I am having this issue right now. The pain is so intense that I was on the floor in the pharmacy crying trying to get my pain meds filled.

I have been on antibiotics for three full days now. I had surgery on my sinuses last year. I am so ready to be over this but it is not looking good.

Post 4

When I got a bad sinus infection, the tooth pain was the last symptom that showed up. Before that I was having a lot of sinus pain and pressure around my nose and eyes.

This was accompanied a few days later by a throbbing headache. After about a week of not doing anything about it, all of my teeth started to ache.

I decided I had enough and finally went to the doctor. He told me there is often a connection between your sinuses and teeth.

This is easy for me to understand because I know that the condition of your teeth can tell a lot about your overall general health. If you teeth are hurting and in pain, many times there is a physical cause for this.

Post 3

If someone had tooth pain because of a sinus infection, I wonder if any of the home remedies for tooth pain would help?

Whenever my grandpa had tooth pain, he swore that putting a clove of garlic on the tooth would make the pain go away.

I don't know if I could handle the taste of that much garlic in my mouth. I have never tried this myself and always call me dentist when I am having any tooth pain.

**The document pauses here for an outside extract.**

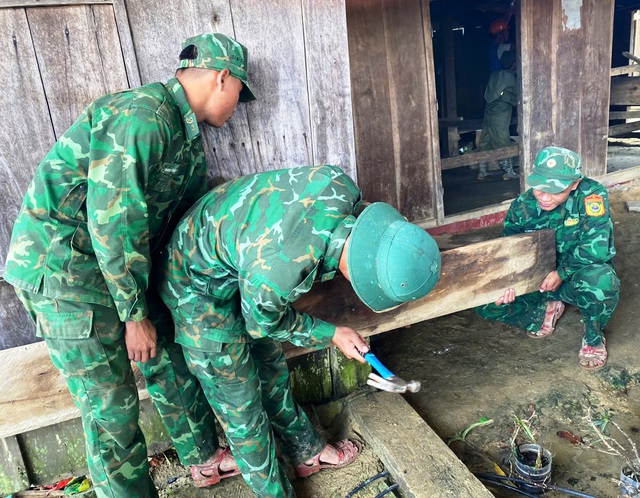 Đà Nẵng: Lính biên …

I know a lot of home remedies that work, and wonder if something like this would work for tooth pain from a sinus infection? If you could handle it, it would at least be worth a try since you wouldn't be out much money.

Post 2

@John57 - I made an appointment with my dentist because of severe tooth pain, and I found out it was from a sinus infection.

My dentist told me I needed to see a doctor to get it cleared up. This was the first time I realized there was such a close connection between your teeth and your sinuses.

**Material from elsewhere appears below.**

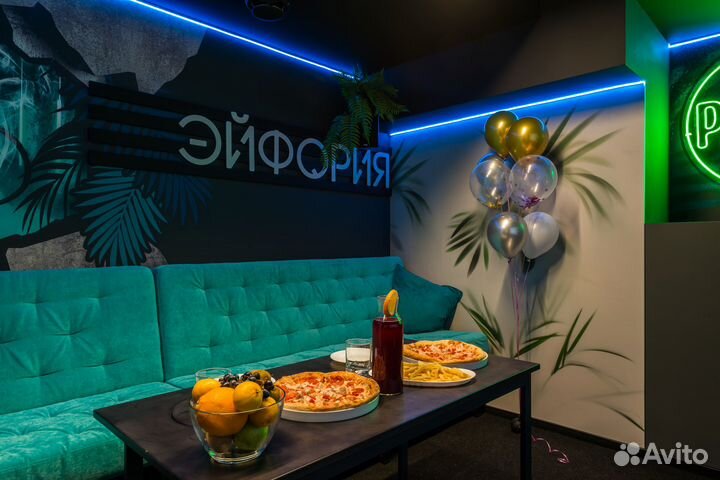 Лофт для отдыха с приставкой и караоке 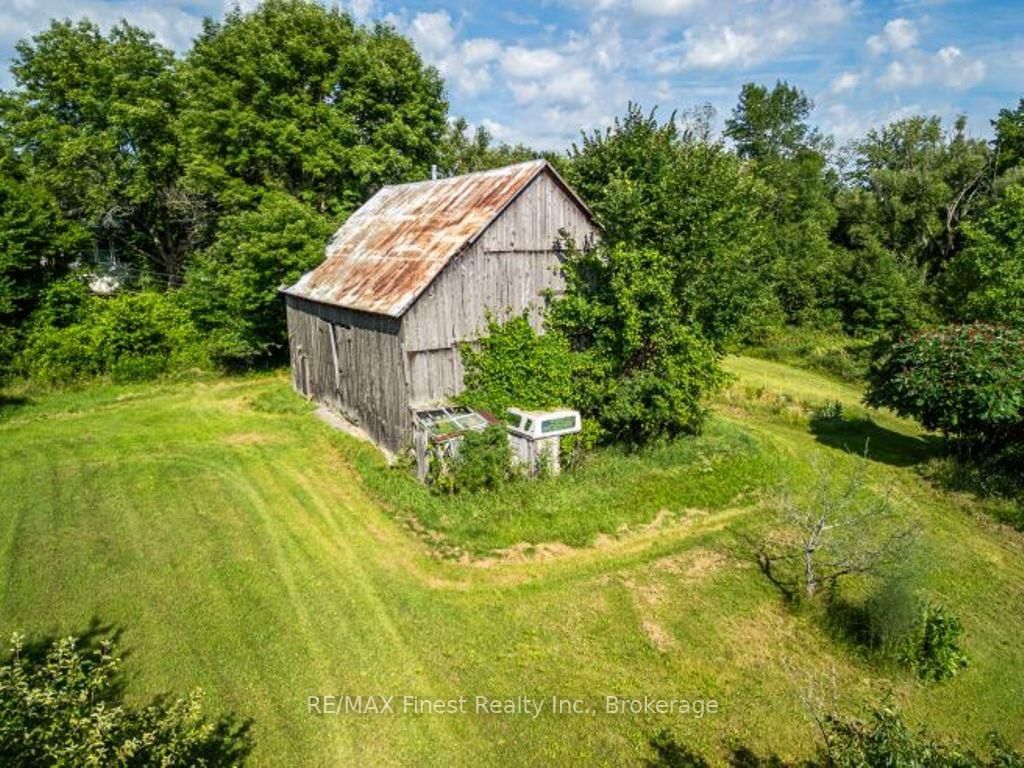 Listing Image 17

This was the first time I had a sinus infection - that I knew about anyway. I didn't know quite what to expect, but was surprised that my symptoms showed up in my teeth.

I ended up going on antibiotics to clear up the infection. As soon as the sinus infection cleared up, my tooth pain went away!

Post 1

I find it interesting that sinus infection and tooth pain are so closely related.

I can understand how a sinus infection would cause a headache and post nasal drip, but would have never guessed it would cause tooth pain too.

My mom has a lot of sinus problems and has even considered having surgery to correct this problem. Her nose runs constantly because of sinus drainage.

Just the other day I also heard her complain of her teeth hurting. This is something I will have her check out to see if the problems are related.